Story URL: http://news.medill.northwestern.edu/chicago/news.aspx?id=220235
Story Retrieval Date: 7/28/2014 3:27:59 PM CST
Jan Seeley, Illinois Marathon Director
Illinois Marathon events in Champaign-Urbana will commence in just over a week. But at a time when preparations are normally set in stone, race officials met Wednesday to consider new safeguards in light of Monday’s bombings in Boston.
They promised increased vigilance, but wouldn't disclose details.
The Illinois Marathon, beginning April 25, includes a series of races over three days with about 20,000 participants in all. A meeting between race officials and law enforcement on Wednesday was on the calendar from the beginning. But, according to Scott Friedlein, the marathon’s emergency services coordinator, the scheduled review took a new turn.

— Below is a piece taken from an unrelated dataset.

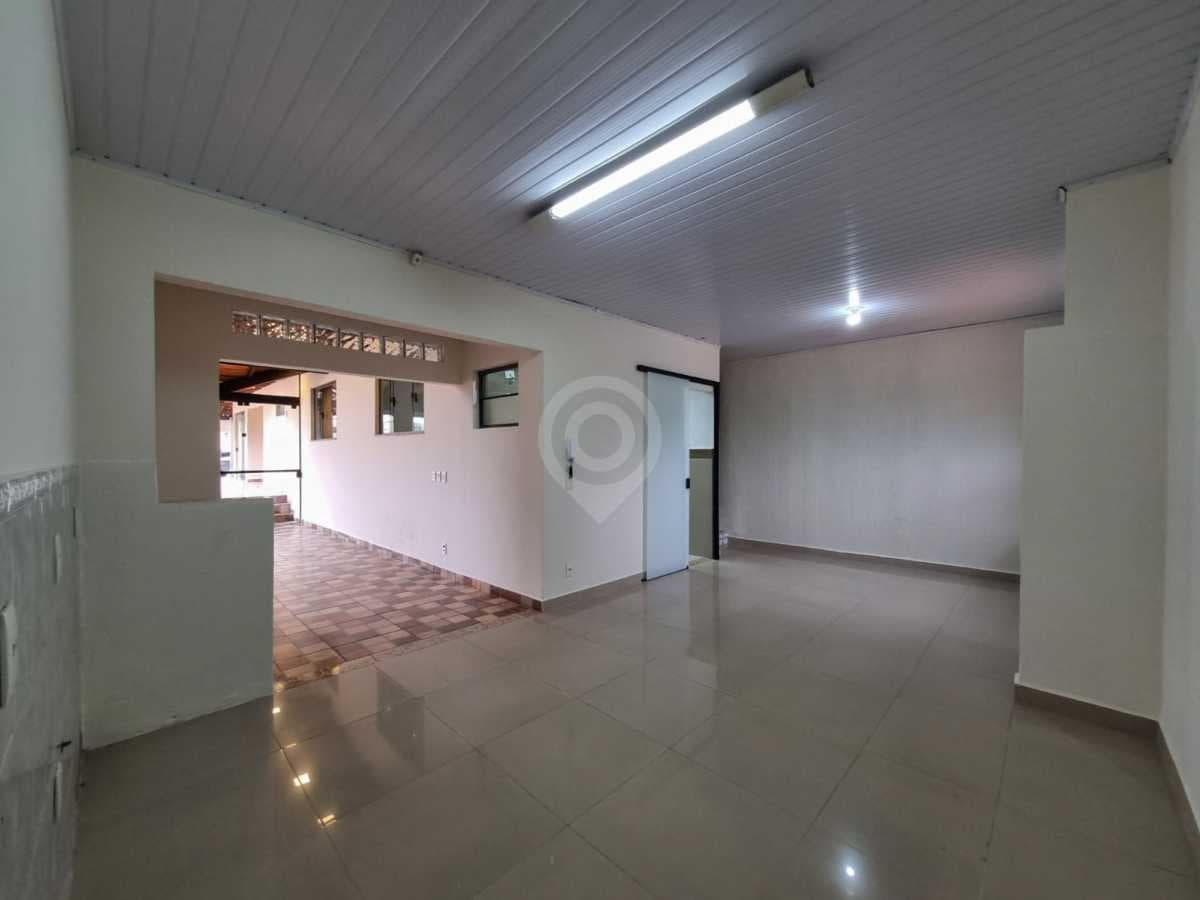 Casa de rua com 3 quartos no Jardim Palladino — foto 3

Rick Atterberry, the public information officer at the University of Illinois, would not detail precise changes but said security will be stepped up. He confirmed bomb-sniffing dogs would be on site.
The race runs along the campus of the University of Illinois, which is no stranger to public events. Hundreds of football games have taken place in the same location as the finish line of the race: Memorial Stadium.
“The main thing for folks and runners to know is that because of the presence of the university we are confident in our ability,” said Atterberry. “Everyone is used to working together.”
And, race officials aren’t the only ones working together to support the marathon. In a little over 24 hours, the marathon has gained about 60 volunteers.
Sarah Taylor Lovell, an assistant professor at the University of Illinois, said on the Illinois Marathon’s Facebook page that her participation in the Boston Marathon prompted her decision to volunteer.
“Today, for the first time, I registered as a volunteer,” she said. “I’m doing this in honor of the victims of Boston and also to honor all of those who have supported these races through their time and enthusiasm.”
Others are using the Illinois Marathon as a way to fundraise for the victims in Boston.
Hannah Bartman, a student at the University of Illinois, created Pray for Boston Shoelaces. She and a friend are selling shoelaces, which are the colors of the Boston Athletes Association, and donating all proceeds to the Boston Marathon.
“The shoelaces were something small, symbolic of running,” Bartman said. “We liked how every time from now on when we lace up for a run, we are remembering those who can no longer can run.”
Bartman said that after posting her efforts on social media outlets, she received numerous orders.
“We already have had to place a second bulk order,” she said.
A fundraising event is in the works by the Illinois Marathon as well, according to Jan Steeley, the marathon’s director. She said more details will be available at the end of the week.